Mas o espaço para a formalização de um pacto de governabilidade progressista, capaz de unificar o discurso no palanque popular desde já, e descortinar um horizonte de mudança crível, encontra-se em aberto.
A reforma tributária é um item chave nessa lista.
Sem ela será impossível dar credibilidade a referendos revogatórios q anularão a receita de arrocho social imposta ao país pelo golpe.
O compromisso com o indulto para Lula –caso seja preso— é outra linha de aglutinação política e mobilização popular.

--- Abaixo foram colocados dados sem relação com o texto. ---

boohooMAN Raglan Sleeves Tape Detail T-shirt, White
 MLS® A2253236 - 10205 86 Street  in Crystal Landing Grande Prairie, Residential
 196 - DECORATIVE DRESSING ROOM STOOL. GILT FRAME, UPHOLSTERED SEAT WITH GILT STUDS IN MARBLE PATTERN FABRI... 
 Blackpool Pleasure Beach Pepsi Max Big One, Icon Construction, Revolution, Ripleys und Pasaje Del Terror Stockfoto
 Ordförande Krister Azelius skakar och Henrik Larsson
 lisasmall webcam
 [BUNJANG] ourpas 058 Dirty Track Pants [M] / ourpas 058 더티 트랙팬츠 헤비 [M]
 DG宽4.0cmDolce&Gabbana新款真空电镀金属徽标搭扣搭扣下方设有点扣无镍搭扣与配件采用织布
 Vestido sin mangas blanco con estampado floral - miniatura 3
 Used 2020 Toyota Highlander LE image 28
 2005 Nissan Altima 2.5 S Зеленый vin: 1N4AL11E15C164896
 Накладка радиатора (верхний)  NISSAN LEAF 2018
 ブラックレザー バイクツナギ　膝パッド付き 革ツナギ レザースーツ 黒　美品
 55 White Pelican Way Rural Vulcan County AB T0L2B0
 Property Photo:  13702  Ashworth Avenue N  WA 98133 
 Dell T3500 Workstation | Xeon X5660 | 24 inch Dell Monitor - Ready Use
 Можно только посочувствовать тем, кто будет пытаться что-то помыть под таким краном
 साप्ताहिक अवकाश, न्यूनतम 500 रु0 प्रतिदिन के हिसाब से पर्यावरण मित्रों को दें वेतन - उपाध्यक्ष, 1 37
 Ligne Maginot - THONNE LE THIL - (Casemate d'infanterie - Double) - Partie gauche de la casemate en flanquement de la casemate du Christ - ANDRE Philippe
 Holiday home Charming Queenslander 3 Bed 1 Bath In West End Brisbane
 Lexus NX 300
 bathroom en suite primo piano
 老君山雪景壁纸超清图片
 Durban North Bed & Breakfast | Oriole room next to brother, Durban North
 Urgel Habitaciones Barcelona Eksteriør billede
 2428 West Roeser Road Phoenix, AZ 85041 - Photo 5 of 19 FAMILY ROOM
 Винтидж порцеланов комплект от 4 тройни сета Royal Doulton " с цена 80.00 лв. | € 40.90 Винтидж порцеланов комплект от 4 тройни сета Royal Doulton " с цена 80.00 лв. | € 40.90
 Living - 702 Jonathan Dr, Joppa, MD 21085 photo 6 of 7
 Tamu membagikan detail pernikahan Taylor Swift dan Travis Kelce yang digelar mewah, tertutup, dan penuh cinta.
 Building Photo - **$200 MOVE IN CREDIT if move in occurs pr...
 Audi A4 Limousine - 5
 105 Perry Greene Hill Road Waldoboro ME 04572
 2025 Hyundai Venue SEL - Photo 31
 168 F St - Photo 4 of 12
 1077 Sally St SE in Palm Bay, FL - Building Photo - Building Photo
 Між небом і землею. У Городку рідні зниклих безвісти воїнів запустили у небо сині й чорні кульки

O fatalismo conservador tentará, como já faz, convencer o país de que esperança que se alimenta de aspirações por mais justiça, investimento público e democracia social é um atentado ao mercado e às contas públicas.
Trata-se de uma operação para devolver ao seu lugar os que emergiram na década de ‘voluntarismo econômico’, como conceituou mais de uma vez o sociólogo Fernando Henrique Cardoso, sobre a retirada de 30 milhões de brasileiros da miséria, e a ascensão de outros tantos na pirâmide da renda no ciclo de governos do PT.
Não há improviso, portanto, no ajuste do garrote vil em marcha.
Os custos em libras de carne humana da hidráulica esguicharão sangue em quantidades e frequência cada vez mais assustadoras.
Estancar a hemorragia não é obra que se possa atribuir a uma liderança ou a um partido isolado.
O Brasil necessita urgentemente viabilizar um novo braço coletivo.
Que seja maior do que a soma das partes, capaz de sacudir o torpor da cidadania aturdida, afrontar a soberba da direita, abrir espaço à organização popular e, assim, preencher o vácuo de futuro e esperança no qual a elite pretende asfixiar o destino de mais de 200 milhões de pessoas na oitava maior economia do planeta.
É preciso reunir todos os sans-culotte para isso.
E fazer da campanha eleitoral uma nova referência de credibilidade da população nela mesma. Devolvendo-lhe a confiança e a prerrogativa de assumir o comando do seu próprio futuro.